He was, as this disc proves, completely wrong and it is one of the few ballet scores that is best heard complete and not as a suite. Only the second male variation in Water (track 7) is perhaps less than inspired; for the rest the melodies, the orchestration and the sheer invention are exceptional. It was a happy collaboration for Arnold and when the piano score of the ballet appeared the following year, Arnold signed a copy, which I now own, “To Fred, with best wishes and many thanks, Malcolm Feb/1954.”

Ashton was so taken with Arnold that in 1954 the two worked together again on Rinaldo and Armida Opus 49, which, despite having some highly effective music was not a great success, largely due to the subject matter and Ashton’s less-than-inspired choreography. Having had these first two ballets suggested to him, it was Arnold who suggested to the choreographer John Cranko what would be his third original ballet, Sweeney Todd Opus 68.

The tale of Sweeney Todd the Demon Barber of Fleet Street is still well known to the modern audience, largely due to Stephen Sondheim’s musical of the same name, but the character had first appeared in the 1842 melodrama The String of Pearls: or The Fiend of Fleet Street by George Dibdin Pit. Cranko and Arnold used that as their base but moved the action from the time of George II to that of Edward VII. The main characters are Sweeney Todd, his accomplice Mrs Lovett, Tobias the assistant, Johanna who here is not Todd’s daughter but the love interest for Todd and the hero Mark who has a string of pearls he wants to give her. For reasons known only to Cranko, Mark, who is surely of age, is chaperoned by one Colonel Jeffrey from the Indian army. Johanna’s father is a drunk manipulated by Todd and a chorus of incompetent policemen. 

The ballet was first performed on 11th  December 1959 at the Shakespeare Memorial Theatre, Stratford-upon-Avon. The size of the orchestra pit necessitated the use of a small ensemble of six woodwind, six brass, percussion, piano/celeste, harp and strings, though such is Arnold’s skill that a much larger ensemble sounds at play. The number of instruments further enhanced the music hall sound of the work. 

On tour the ballet proved hugely popular with audiences but when it arrived in London the critics ever suspicious of the popular tore it to shreds.

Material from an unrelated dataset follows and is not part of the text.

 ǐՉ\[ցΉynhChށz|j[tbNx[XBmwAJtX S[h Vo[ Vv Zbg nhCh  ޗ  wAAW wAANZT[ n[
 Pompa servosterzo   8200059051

Noel Goodwin, reviewing the ballet for Dance and Dancers, found the music “bland, featureless and bereft of character”, also “without substance or imagination.”  Richard Buckle strangely thought the music had “no grasp of the period”, which it does, while Clement Crisp critically found it “brash and vulgar” which it is but then that is the point. 

The music disappeared from sight although a Suite Op. 68a, using about half of the score, was created by David Ellis in 1984. This has been recorded by the Royal Philharmonic Orchestra and Vernon Handley on Conifer (later in the Decca and then the Sony box sets) and the BBC Philharmonic Orchestra and Rumon Gamba on Chandos (review).

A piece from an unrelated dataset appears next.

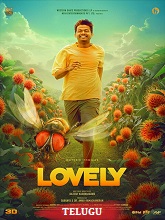 Watch Lovely (2025) Online Full Movie Free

Updating the setting to Edwardian times allowed Arnold to conjure up a romantic world of hansom-cabs, gas lamps, and general bawdiness and to include many of the music hall styles associated with the period. Also, as in the music hall, many of the orchestral effects match the stage action precisely: trombone slides for the pratfalls, hiccups marked by a wood block, and so on. All these effects and styles effortlessly become Arnold’s own.

The score is cinematic in conception and Arnold drew on his experiences of working on a wide variety of films and documentaries, around about ninety by 1959, to produce music that got to the heart of the scene in question without beating about the bush. Each character in the ballet is helpfully identified by a theme or motif and as the ballet progresses they are ingeniously interwoven and developed. The music veers from scary, horror film chromaticism to music hall pastiche, to romantic love music. Unlike Homage to the Queen, with its clearly differentiated tableau, Sweeney Todd sounds more thoroughly organic, one scene merging into the next.

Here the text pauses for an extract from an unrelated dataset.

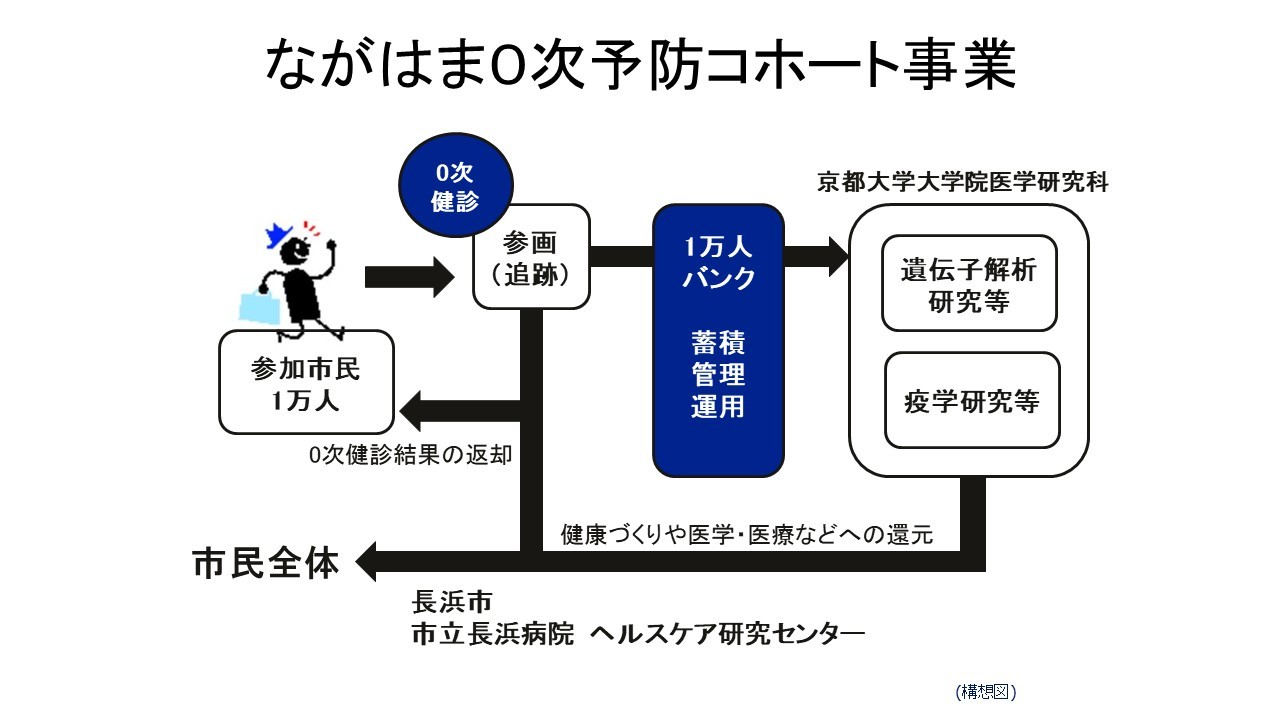 slide3.JPG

Yates and the orchestra are wonderful in shaping the disparate material, and it is disparate. The grisly opening prelude with its rising chromatic scales will sound familiar to anyone who knows Tam O’Shanter and introduces the important Todd theme, sinisterly snarling. Both these ideas appear throughout and provide a most satisfying unity to the score. The noise and bustle disappear suddenly and chorus of singularly ineffective policemen, modelled on the Keystone Cops, dance to a gracious soft shoe shuffle, the elegance punctuated by vulgar “have a banana” cadences (track 20).

Johanna’s theme is an ingratiating, if somewhat saccharine, waltz and first appears in a scene with her mother and father who is drunk. The orchestra’s first trombone does sterling work accompanying this with seamless glissandos. Still later, the waltz, more appropriately accompanied, is used for a pas de quatre in which one of the ‘characters’ is a table called upon to execute some stunning pirouettes.

 There are some comical onomatopoeic moments such as when Todd calls his assistant Tobias and the three syllables To-bi-as are echoed in the music. Later when Tobias eats a ‘meat’ pie his hiccups are also heard in the orchestra while glissandi on the strings accompany his discovery of a long hair.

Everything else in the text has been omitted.